**Problem requirements**
From the first line to the last, set down the material exactly, leaving out its pictures.

**Supplied material**
::::::::

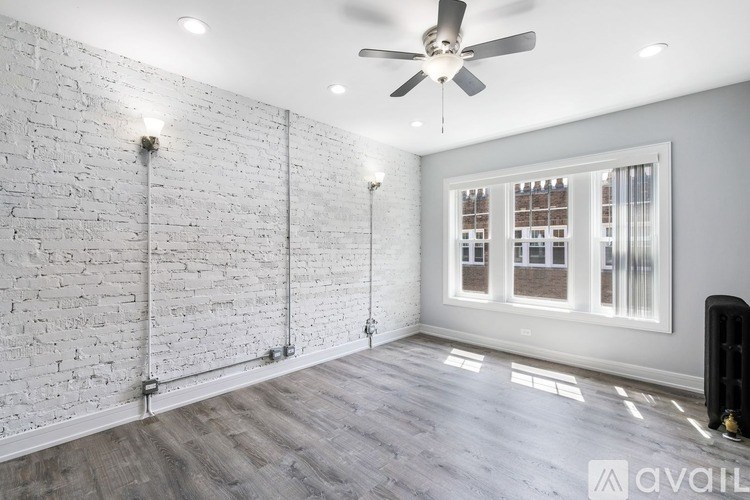 A room with a white brick wall and a ceiling fan.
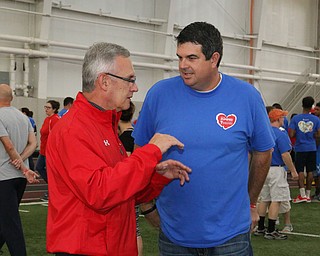 Chairman of the heart walk , Kevin Helmick (right) talks to Youngstown State president Jim Tressell before the start of the Heart Walk at the WATTS on the campus of Youngstown State University on Saturday morning. Dustin Livesay  |  The Vindicator  9/17/16  WATTS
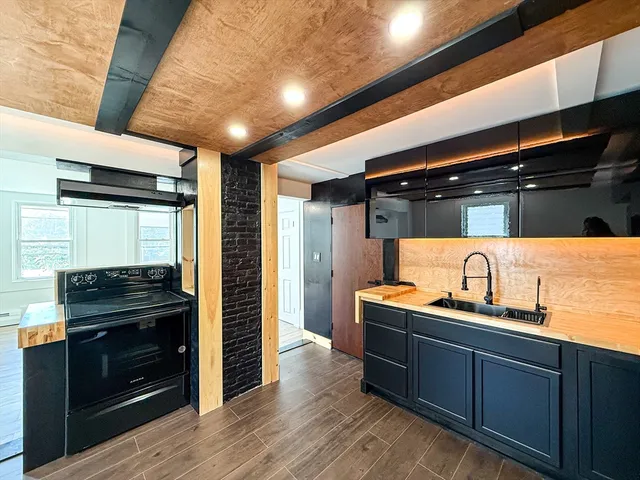 a kitchen with granite countertop a sink and cabinets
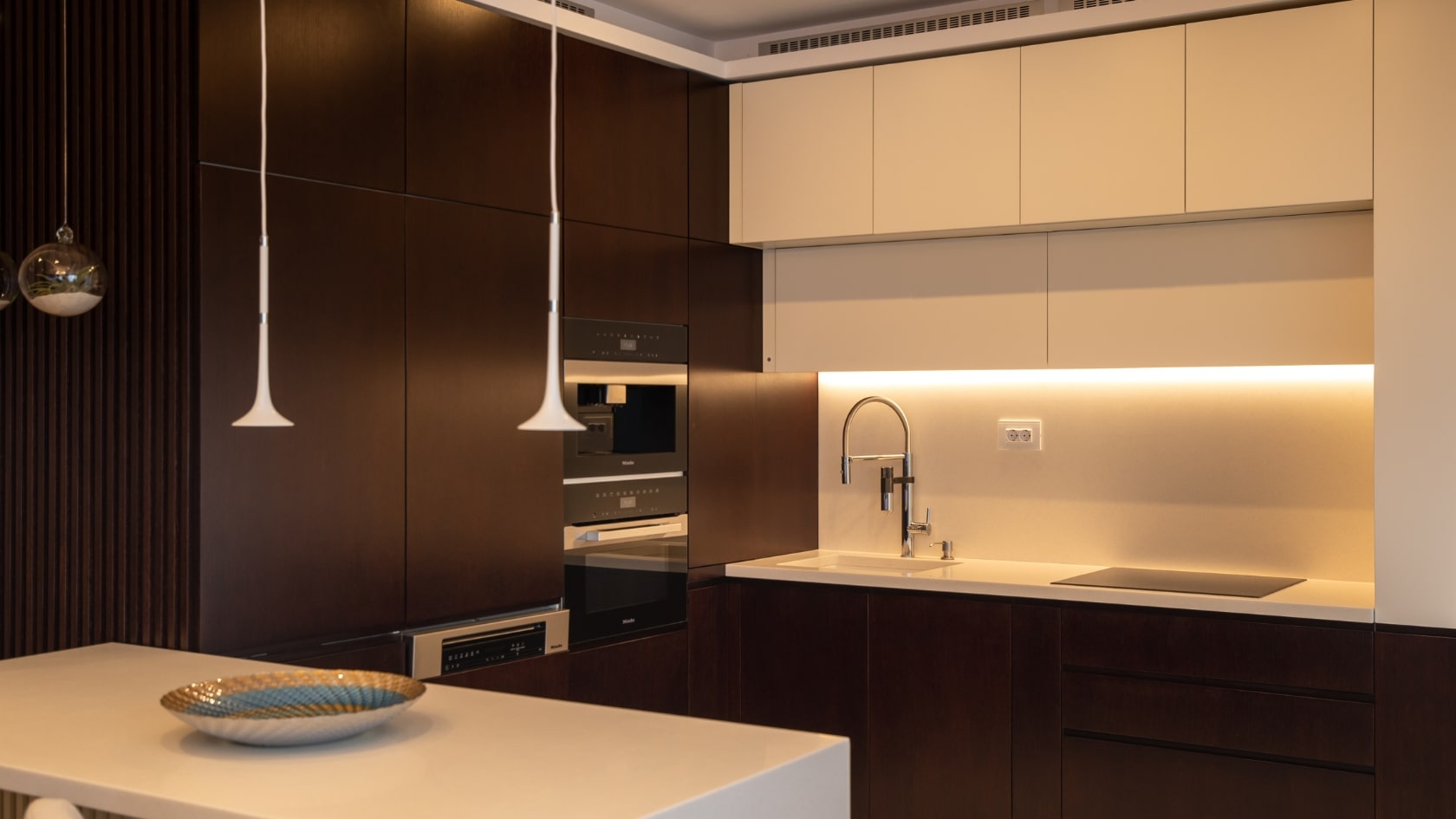 Amenajare interioara pentru o bucatarie moderna cu materiale de cea mai inalta calitate si cu o iluminare de accent cu banda LED deasupra blatului de lucru.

::::::::

**Written answer**
 A room with a white brick wall and a ceiling fan.
 Chairman of the heart walk , Kevin Helmick (right) talks to Youngstown State president Jim Tressell before the start of the Heart Walk at the WATTS on the campus of Youngstown State University on Saturday morning. Dustin Livesay  |  The Vindicator  9/17/16  WATTS
 a kitchen with granite countertop a sink and cabinets
 Amenajare interioara pentru o bucatarie moderna cu materiale de cea mai inalta calitate si cu o iluminare de accent cu banda LED deasupra blatului de lucru.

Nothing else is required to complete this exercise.